Omit all pictures and transcribe only the lines in the entries below that run from the line with "Kuasai 3 Bahasa" through the line with "Árbol majestuoso con".

- SOURCE DATA -
»»

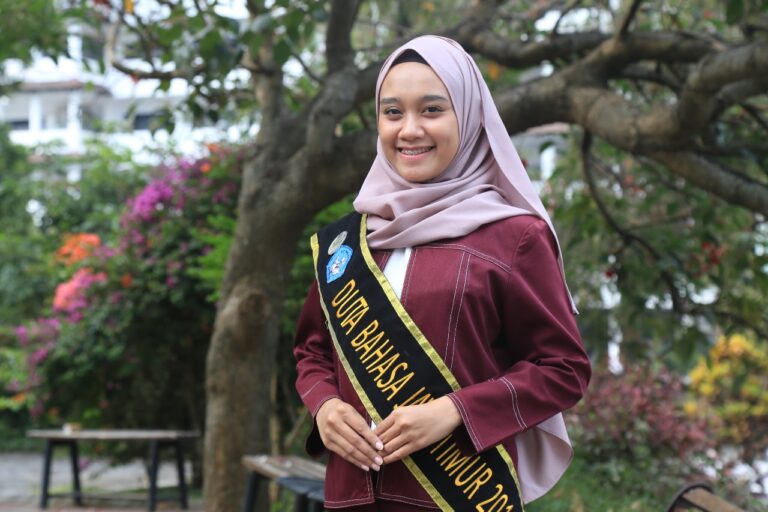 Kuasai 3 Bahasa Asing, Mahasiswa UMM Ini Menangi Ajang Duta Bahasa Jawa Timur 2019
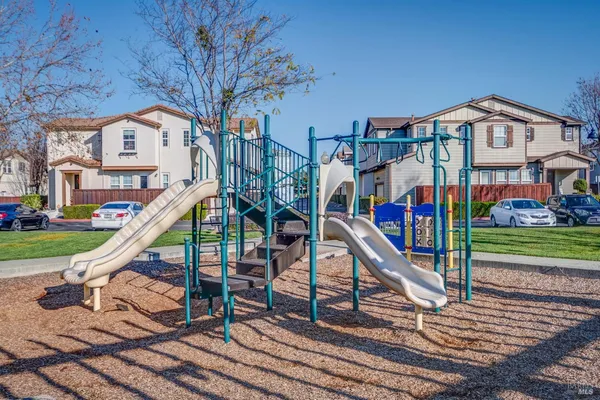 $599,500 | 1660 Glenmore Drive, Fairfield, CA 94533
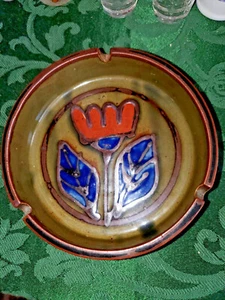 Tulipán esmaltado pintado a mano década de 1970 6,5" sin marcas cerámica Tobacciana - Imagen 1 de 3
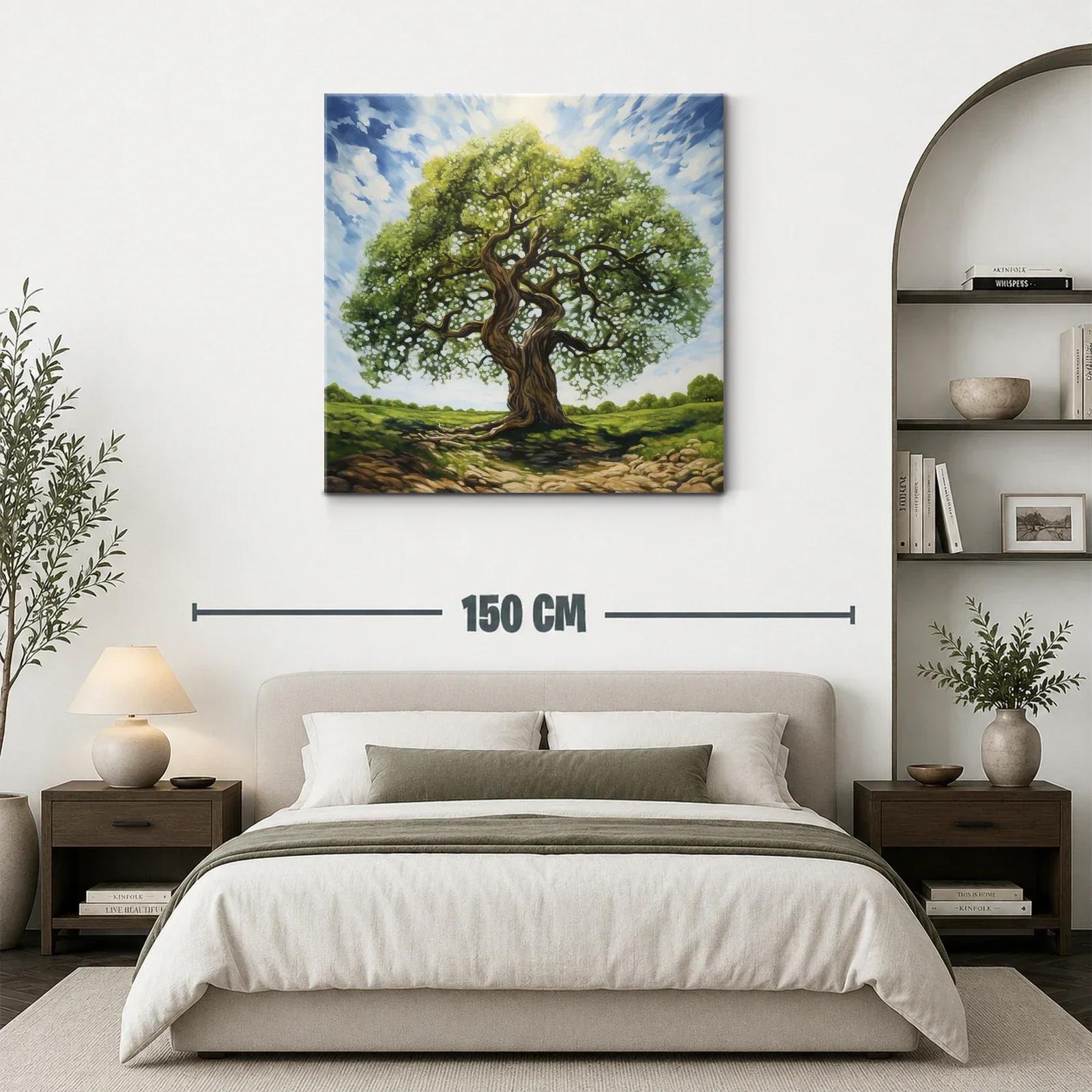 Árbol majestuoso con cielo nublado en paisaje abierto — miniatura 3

««
»»

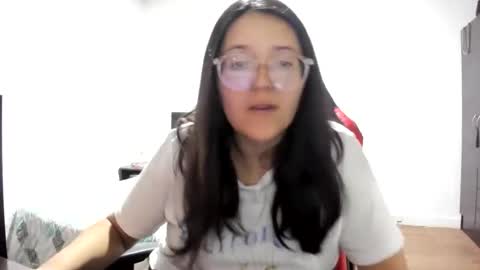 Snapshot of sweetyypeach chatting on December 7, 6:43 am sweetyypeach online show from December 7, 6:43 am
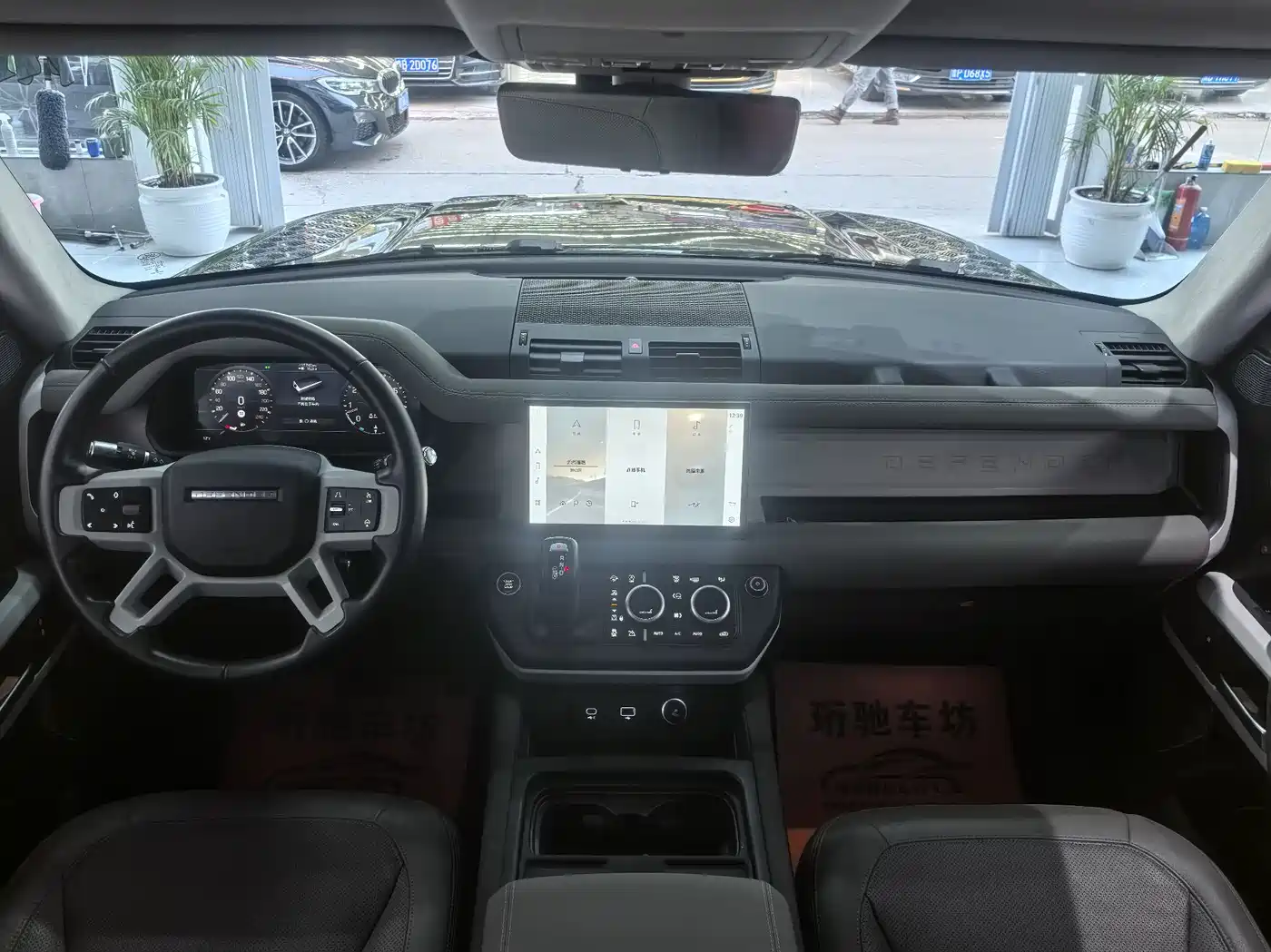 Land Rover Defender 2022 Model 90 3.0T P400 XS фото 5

««

- TASK OUTPUT -
 Kuasai 3 Bahasa Asing, Mahasiswa UMM Ini Menangi Ajang Duta Bahasa Jawa Timur 2019
 $599,500 | 1660 Glenmore Drive, Fairfield, CA 94533
 Tulipán esmaltado pintado a mano década de 1970 6,5" sin marcas cerámica Tobacciana - Imagen 1 de 3
 Árbol majestuoso con cielo nublado en paisaje abierto — miniatura 3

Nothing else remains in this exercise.